━━━ RECORD EXTRACTS

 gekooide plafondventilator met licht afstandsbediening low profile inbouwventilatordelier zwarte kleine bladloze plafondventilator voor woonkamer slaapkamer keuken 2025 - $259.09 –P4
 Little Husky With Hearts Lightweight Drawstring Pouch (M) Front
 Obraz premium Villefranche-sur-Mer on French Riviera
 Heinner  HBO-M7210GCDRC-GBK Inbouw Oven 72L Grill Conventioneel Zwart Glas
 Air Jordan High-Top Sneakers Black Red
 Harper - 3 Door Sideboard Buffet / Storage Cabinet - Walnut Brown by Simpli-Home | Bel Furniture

━━━━━━
━━━ RECORD EXTRACTS

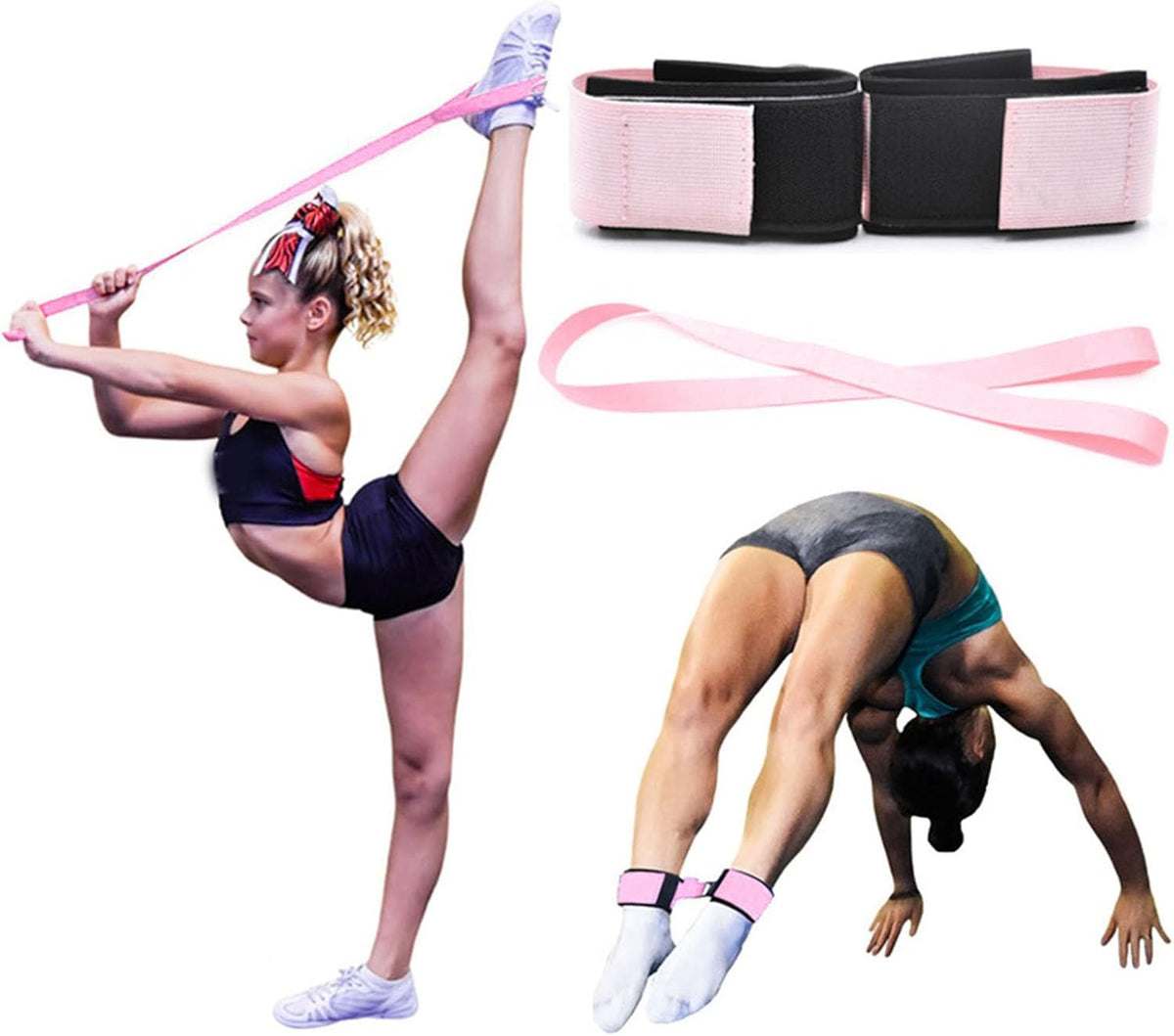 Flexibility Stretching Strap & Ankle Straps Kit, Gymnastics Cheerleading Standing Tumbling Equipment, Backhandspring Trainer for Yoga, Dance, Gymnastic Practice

━━━━━━

## WORK INSTRUCTIONS
Reproduce verbatim the lines above, from the line with "gekooide plafondventilator met" through the line with "Harper - 3 Door".

## ANSWER BOX
 gekooide plafondventilator met licht afstandsbediening low profile inbouwventilatordelier zwarte kleine bladloze plafondventilator voor woonkamer slaapkamer keuken 2025 - $259.09 –P4
 Little Husky With Hearts Lightweight Drawstring Pouch (M) Front
 Obraz premium Villefranche-sur-Mer on French Riviera
 Heinner  HBO-M7210GCDRC-GBK Inbouw Oven 72L Grill Conventioneel Zwart Glas
 Air Jordan High-Top Sneakers Black Red
 Harper - 3 Door Sideboard Buffet / Storage Cabinet - Walnut Brown by Simpli-Home | Bel Furniture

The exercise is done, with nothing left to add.